EXERCISE DIRECTIONS:
Find "这个神,他正经吗?全集推荐一下" and "Xem Phim Tiểu Quyền Quái Chiêu, Fearless Hyena 1979 Xem" in the records below. Copy the lines holding them and every line between, exactly, and no others.

DATA SHOWN:
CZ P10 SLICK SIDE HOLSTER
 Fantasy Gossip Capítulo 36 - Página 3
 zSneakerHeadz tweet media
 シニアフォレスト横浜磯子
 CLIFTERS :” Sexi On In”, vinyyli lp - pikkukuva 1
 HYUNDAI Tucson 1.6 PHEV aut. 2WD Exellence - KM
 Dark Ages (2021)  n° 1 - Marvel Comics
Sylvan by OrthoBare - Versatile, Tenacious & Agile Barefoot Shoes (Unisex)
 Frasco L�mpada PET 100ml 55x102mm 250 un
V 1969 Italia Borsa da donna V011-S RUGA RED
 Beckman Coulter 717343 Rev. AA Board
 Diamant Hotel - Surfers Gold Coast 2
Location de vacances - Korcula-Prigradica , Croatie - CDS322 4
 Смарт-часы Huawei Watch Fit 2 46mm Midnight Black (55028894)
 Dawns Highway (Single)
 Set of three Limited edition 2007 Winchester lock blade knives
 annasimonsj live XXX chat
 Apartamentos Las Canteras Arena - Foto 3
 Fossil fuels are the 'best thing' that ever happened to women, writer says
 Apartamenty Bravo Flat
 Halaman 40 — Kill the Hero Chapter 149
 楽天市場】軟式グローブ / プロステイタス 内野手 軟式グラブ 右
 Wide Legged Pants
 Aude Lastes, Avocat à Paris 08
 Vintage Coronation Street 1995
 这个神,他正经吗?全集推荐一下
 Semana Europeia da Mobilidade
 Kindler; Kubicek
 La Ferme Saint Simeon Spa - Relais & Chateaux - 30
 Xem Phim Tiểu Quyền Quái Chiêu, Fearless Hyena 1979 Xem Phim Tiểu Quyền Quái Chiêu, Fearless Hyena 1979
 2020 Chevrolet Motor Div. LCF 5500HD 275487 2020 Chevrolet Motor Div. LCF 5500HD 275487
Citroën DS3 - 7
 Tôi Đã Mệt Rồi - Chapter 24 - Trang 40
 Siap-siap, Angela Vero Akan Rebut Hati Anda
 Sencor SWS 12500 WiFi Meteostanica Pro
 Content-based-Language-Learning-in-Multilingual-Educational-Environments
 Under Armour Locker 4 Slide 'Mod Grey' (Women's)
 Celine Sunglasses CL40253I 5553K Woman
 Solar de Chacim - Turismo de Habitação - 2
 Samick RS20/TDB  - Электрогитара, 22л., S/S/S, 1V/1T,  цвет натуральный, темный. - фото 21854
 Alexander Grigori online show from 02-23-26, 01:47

SOLUTION BELOW:
 这个神,他正经吗?全集推荐一下
 Semana Europeia da Mobilidade
 Kindler; Kubicek
 La Ferme Saint Simeon Spa - Relais & Chateaux - 30
 Xem Phim Tiểu Quyền Quái Chiêu, Fearless Hyena 1979 Xem Phim Tiểu Quyền Quái Chiêu, Fearless Hyena 1979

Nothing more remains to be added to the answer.